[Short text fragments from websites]

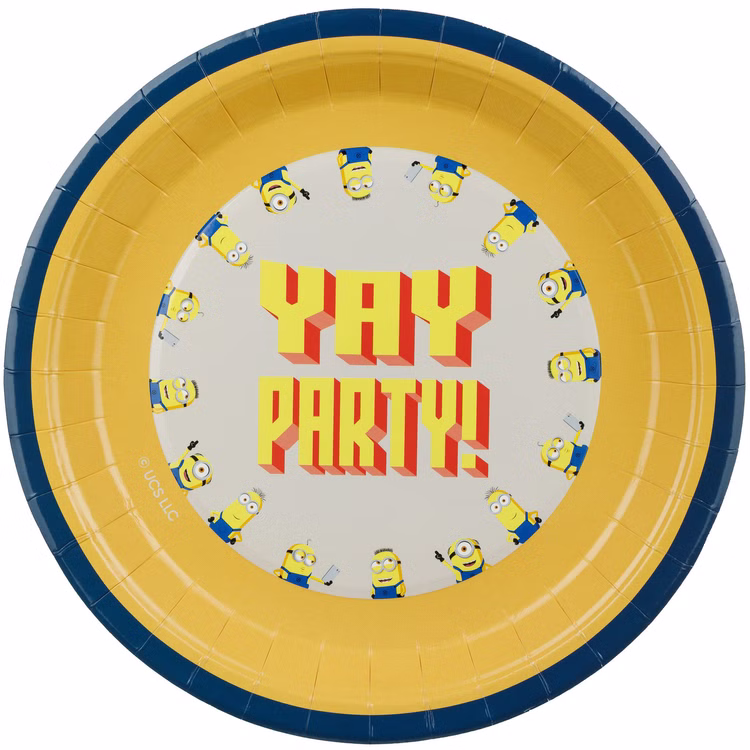 Minions Yay Party Pappteller 23 cm Gelber Minions Pappteller mit dunkelblauem Rand, Yay-Party-Schriftzug und kleinen Figuren rund um die Tellermitte.
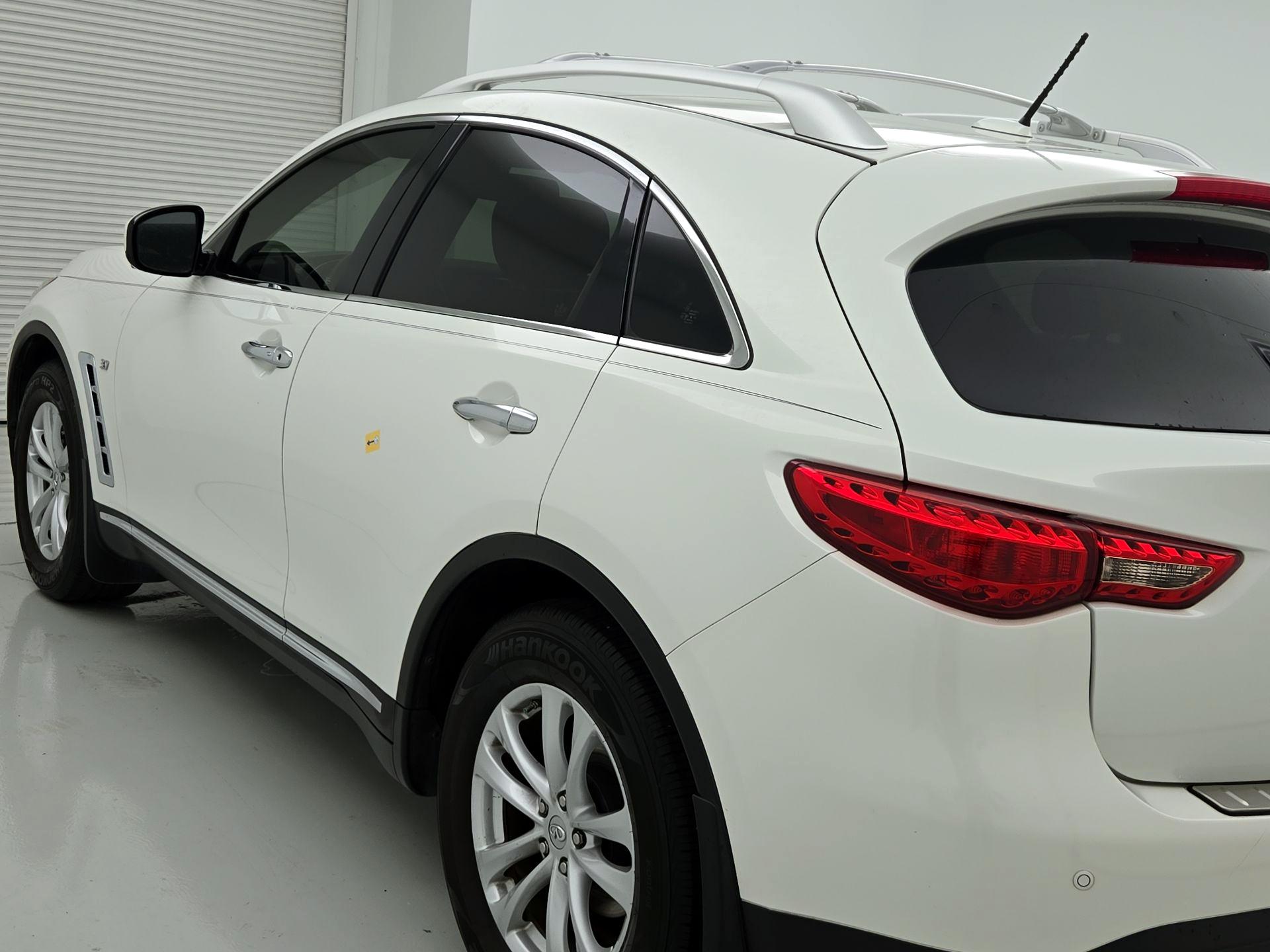 Thumbnail: 2014 INFINITI QX70 - 7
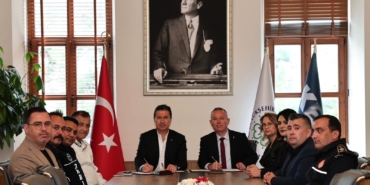 Büyükşehir ile Tüm Yerel-Sen Arasında Sosyal Denge Sözleşmesi İmzalandı (2)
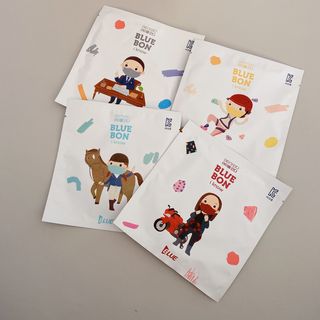 [블루 본 아이노우] 유아용 컬러마스크 40 PCS SET 2중 택 1 — 5점을 준 리뷰어가 2021년 4월 올린 사용 사진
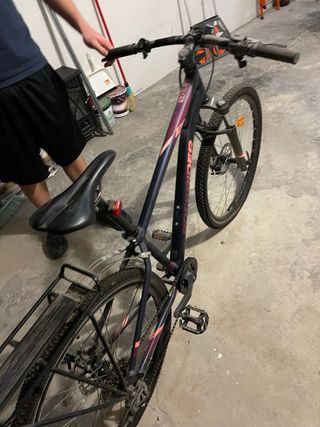 Bicicleta Rockrider 120 27,5 con portaequipajes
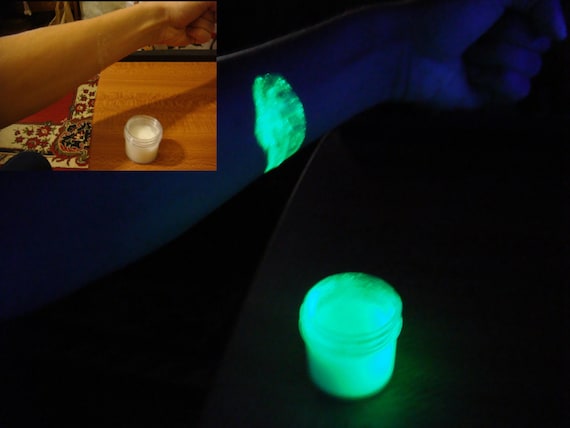 Invisible Red Glow in The Dark Paint & UV Paint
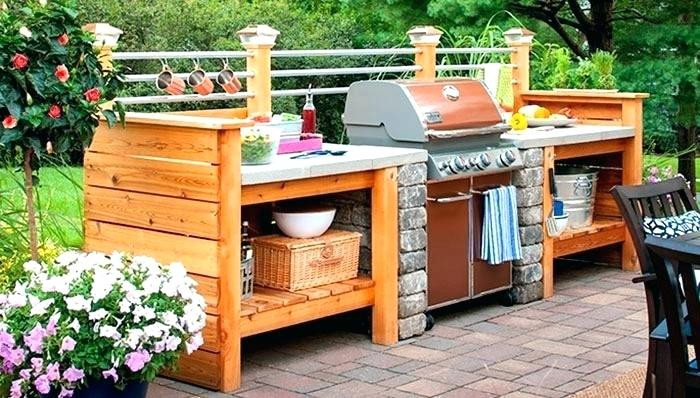 Build An Outdoor Kitchen
 DIY Outdoor Kitchens and Grilling Stations Style Motivation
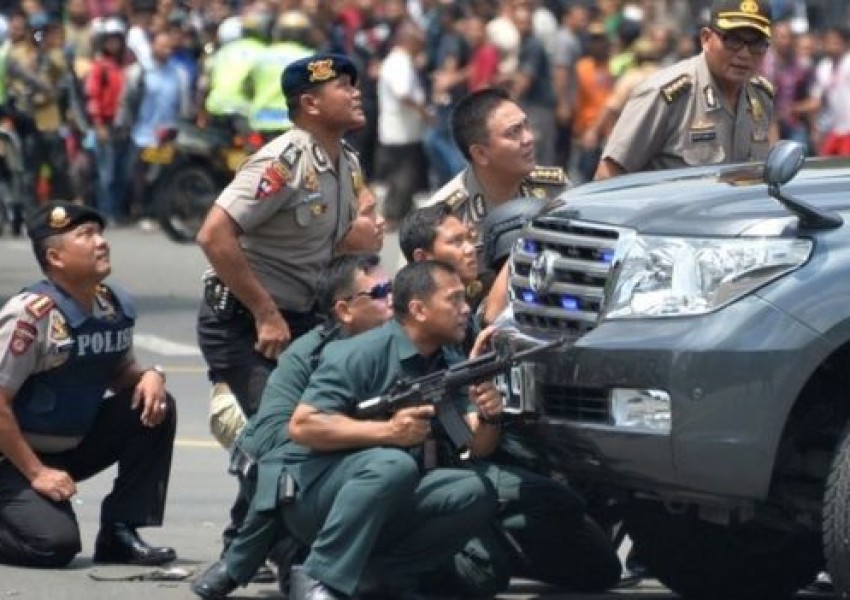 Серия от взривове и атаки разтърсиха столицата на Индонезия (СНИМКИ)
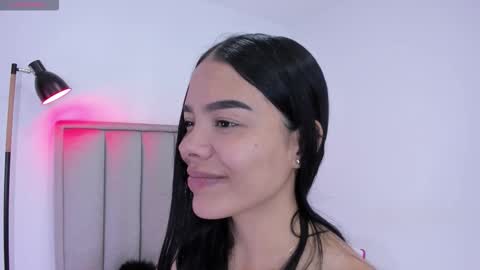 Snapshot of valery__nova chatting on October 25, 4:24 pm Cris online show from October 25, 4:24 pm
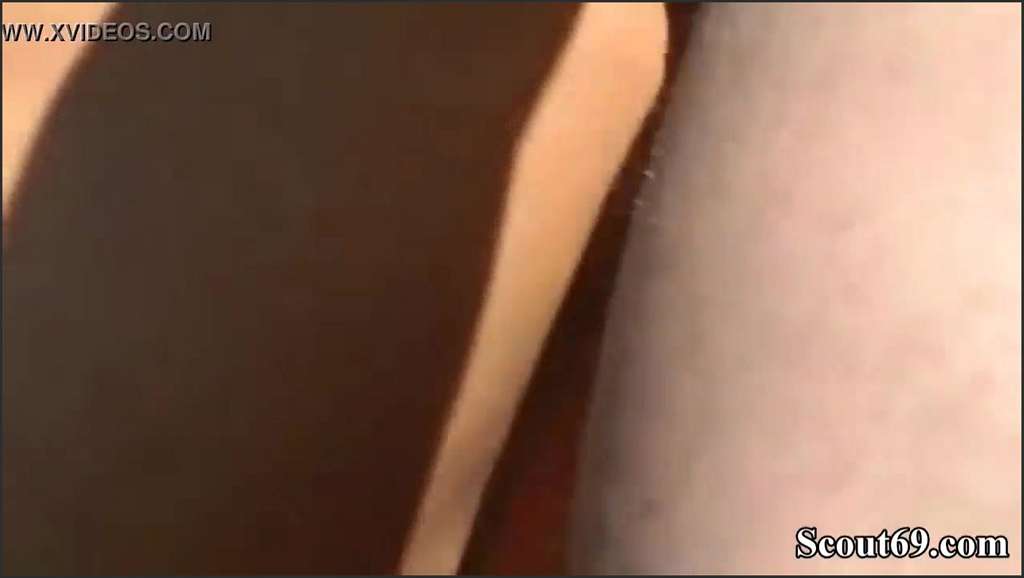 Kada Love bläst und fickt das blonde Tittenluder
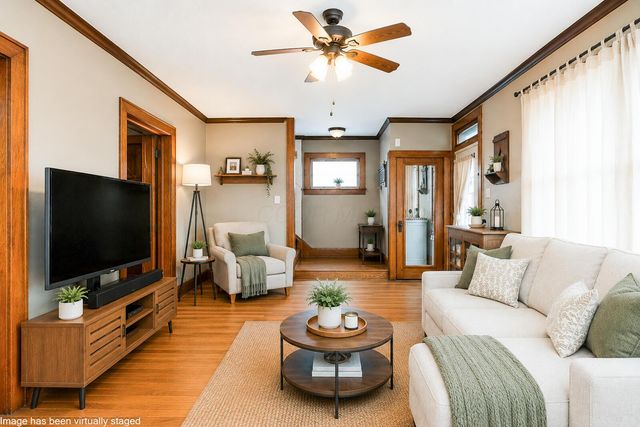 284 E Jenkins Avenue, Columbus, OH 43207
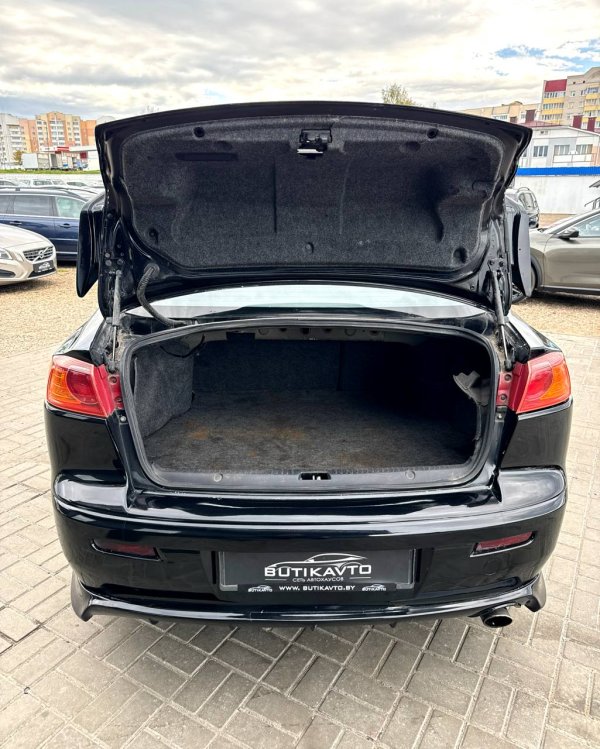 Mitsubishi Lancer X - Image 14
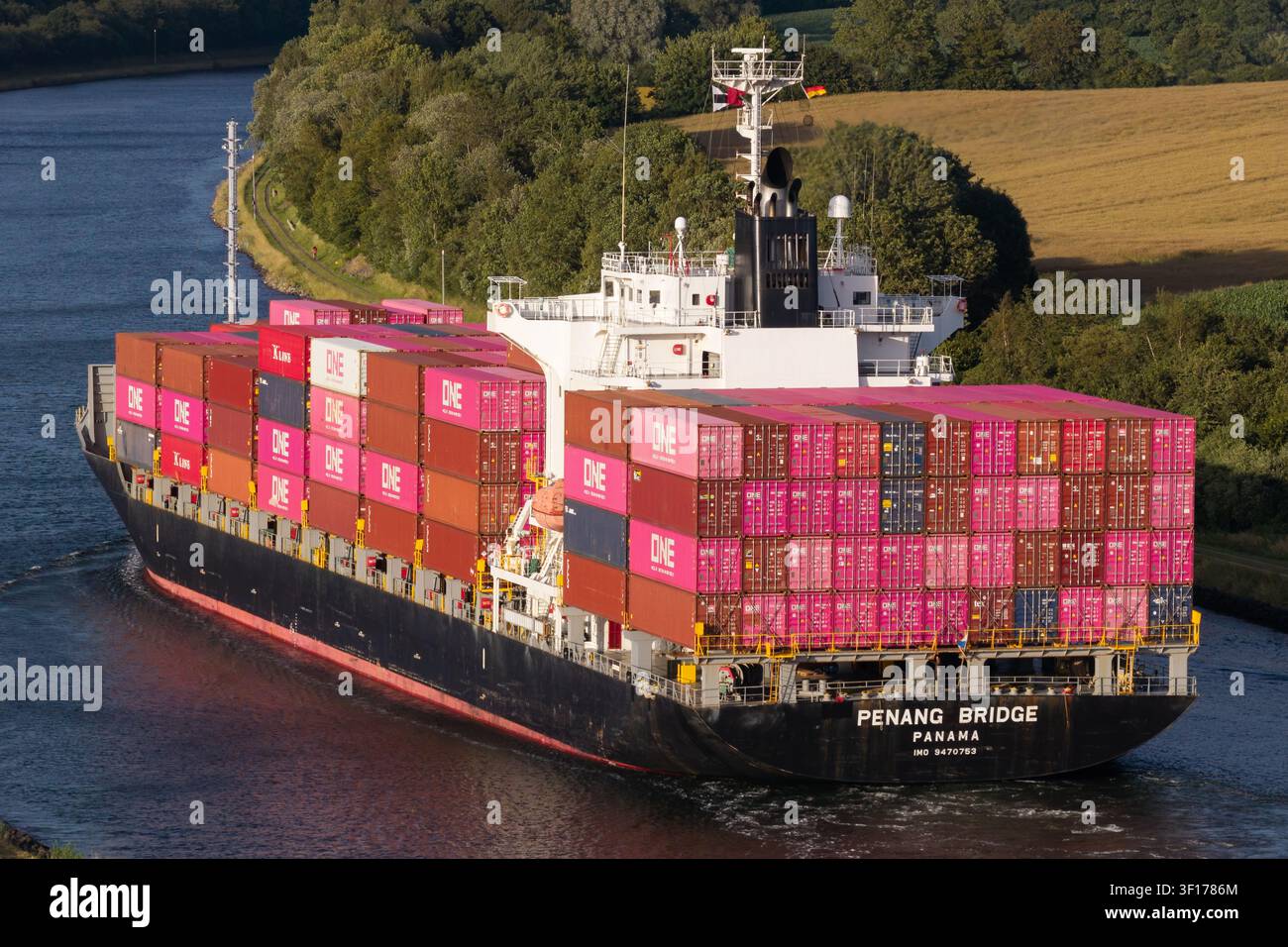 Containership PENANG BRIDGE passing the Kiel canal Stock Photo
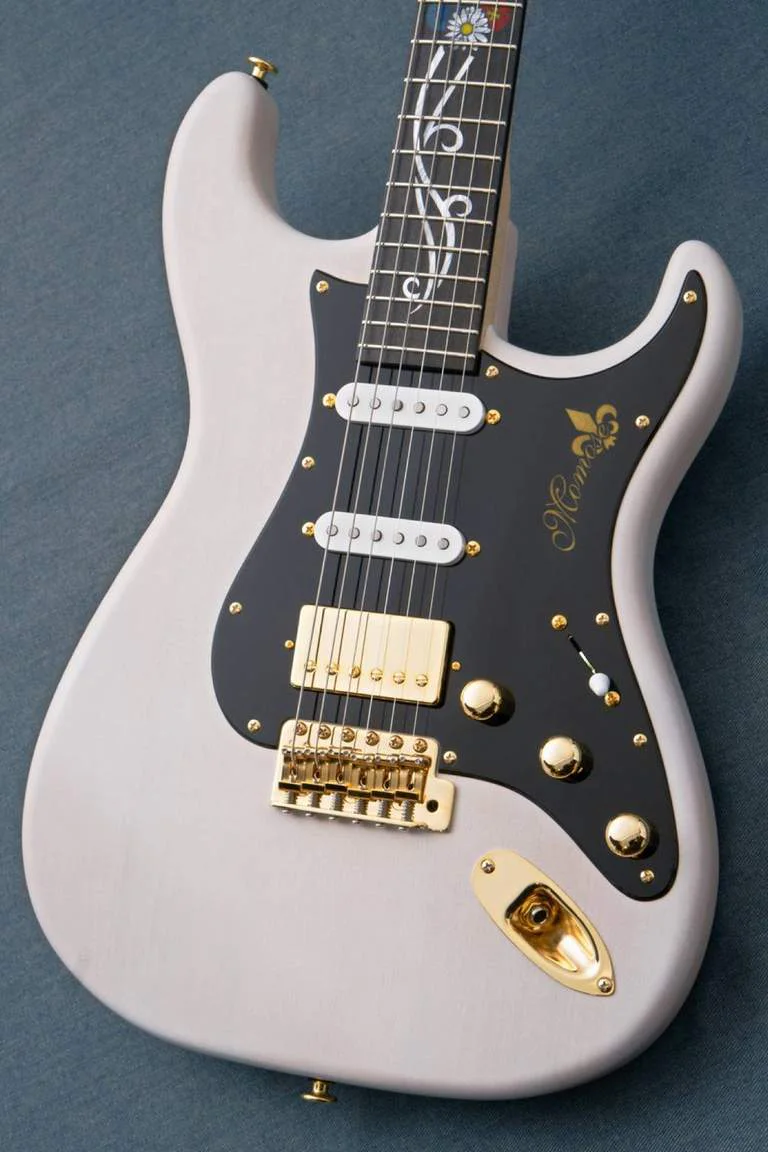 Momose MC-PLATANUS SP'26/E · Limestone White Oil · Actual body front and figure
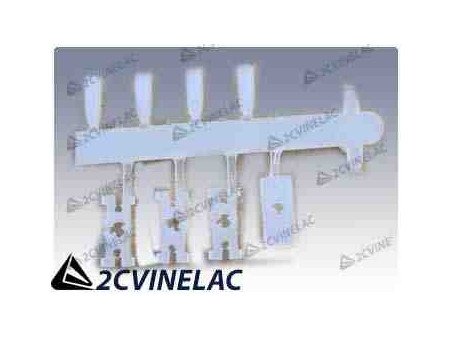 REF 4111. GRAPAS EMBELLECEDOR PUERTA DYANE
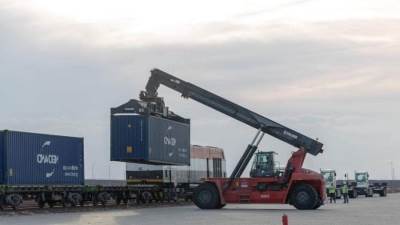 النقل تدعو المستثمرين ورجال الأعمال وكافة المصدرين للاستثمار الموانئ الجافة والمناطق اللوجيستية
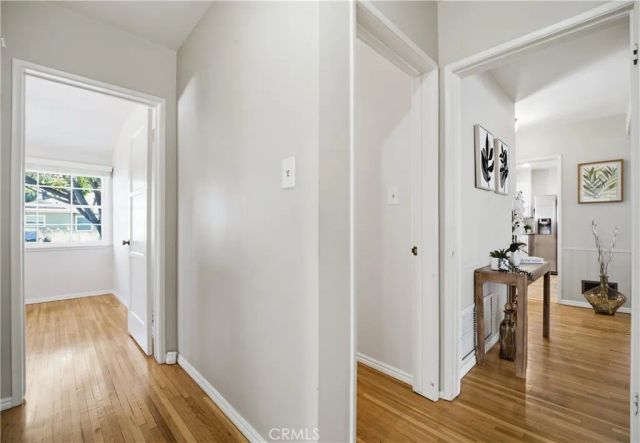 17061 Lorne, Lake Balboa, CA 91406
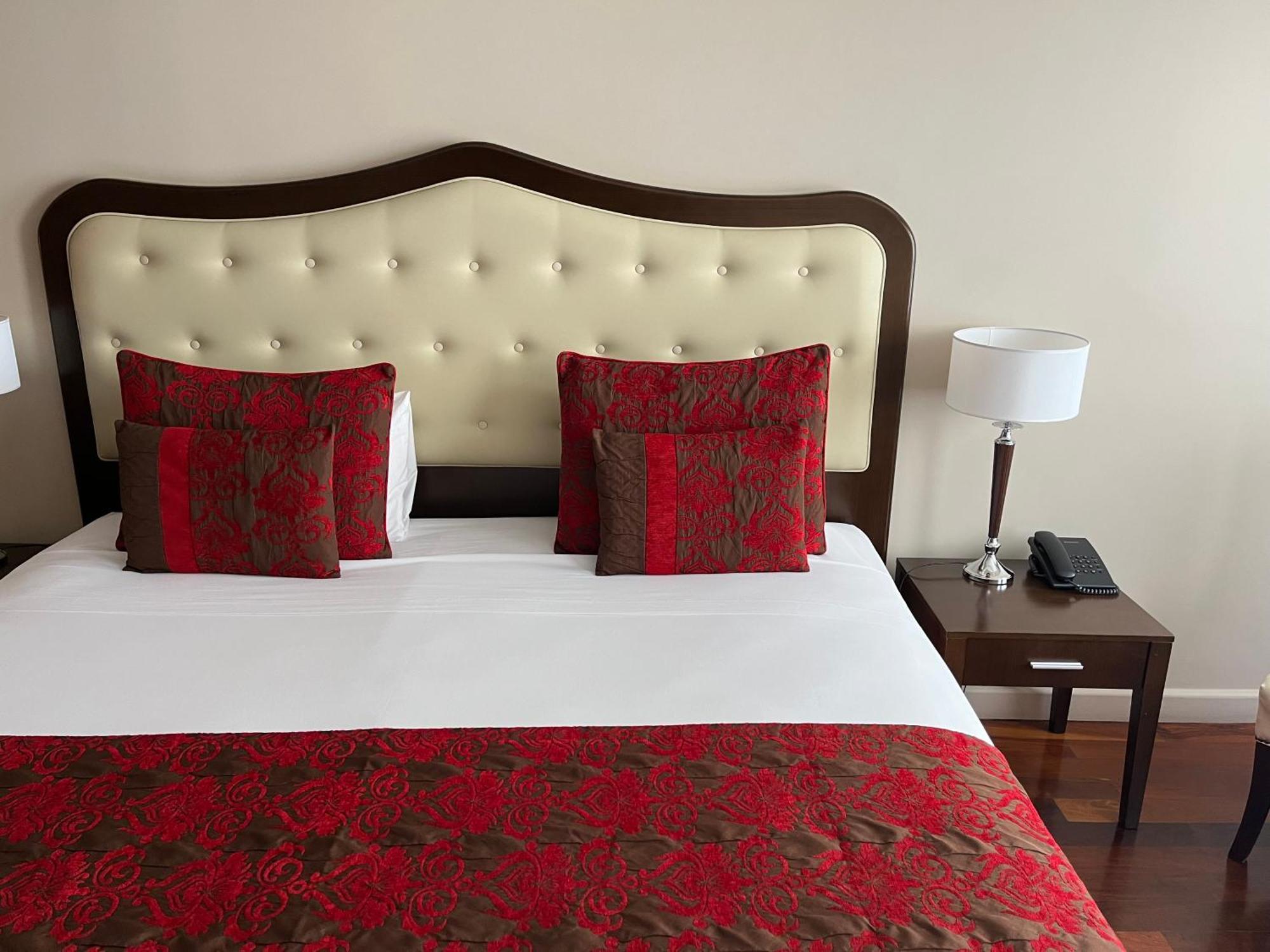 Classic Double Room,1596033075:JPEG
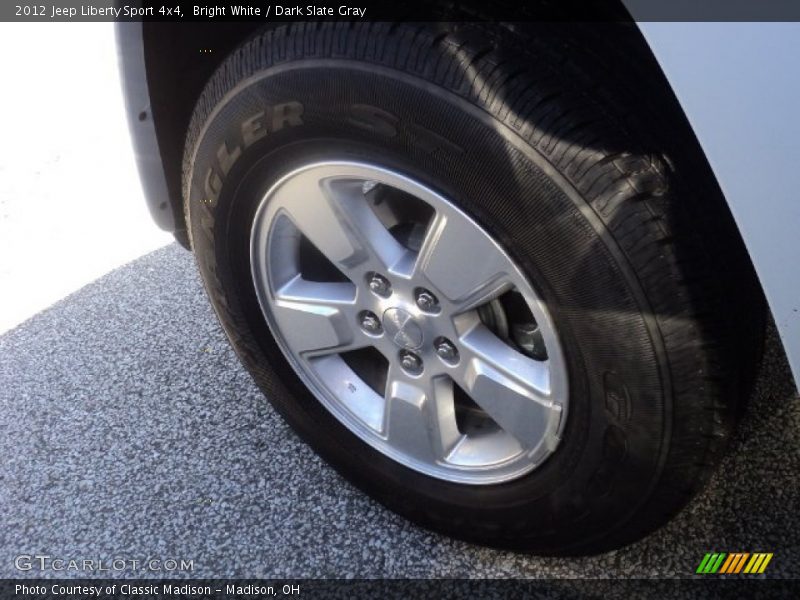 Bright White / Dark Slate Gray 2012 Jeep Liberty Sport 4x4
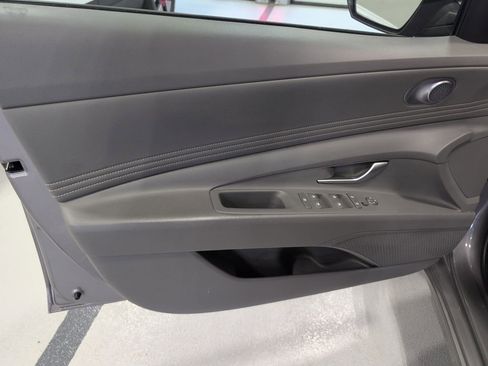 Certified 2023 Hyundai Elantra SEL w/ Convenience Package FWD image 11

(TASK TO COMPLETE):
An exact copy of the lines above from the one with "Kada Love bläst" up to and including the one with "Bright White /" is required; reproduce only those lines, omitting all pictures.

(EXERCISE OUTPUT):
 Kada Love bläst und fickt das blonde Tittenluder
 284 E Jenkins Avenue, Columbus, OH 43207
 Mitsubishi Lancer X - Image 14
 Containership PENANG BRIDGE passing the Kiel canal Stock Photo
 Momose MC-PLATANUS SP'26/E · Limestone White Oil · Actual body front and figure
 REF 4111. GRAPAS EMBELLECEDOR PUERTA DYANE
 النقل تدعو المستثمرين ورجال الأعمال وكافة المصدرين للاستثمار الموانئ الجافة والمناطق اللوجيستية
 17061 Lorne, Lake Balboa, CA 91406
 Classic Double Room,1596033075:JPEG
 Bright White / Dark Slate Gray 2012 Jeep Liberty Sport 4x4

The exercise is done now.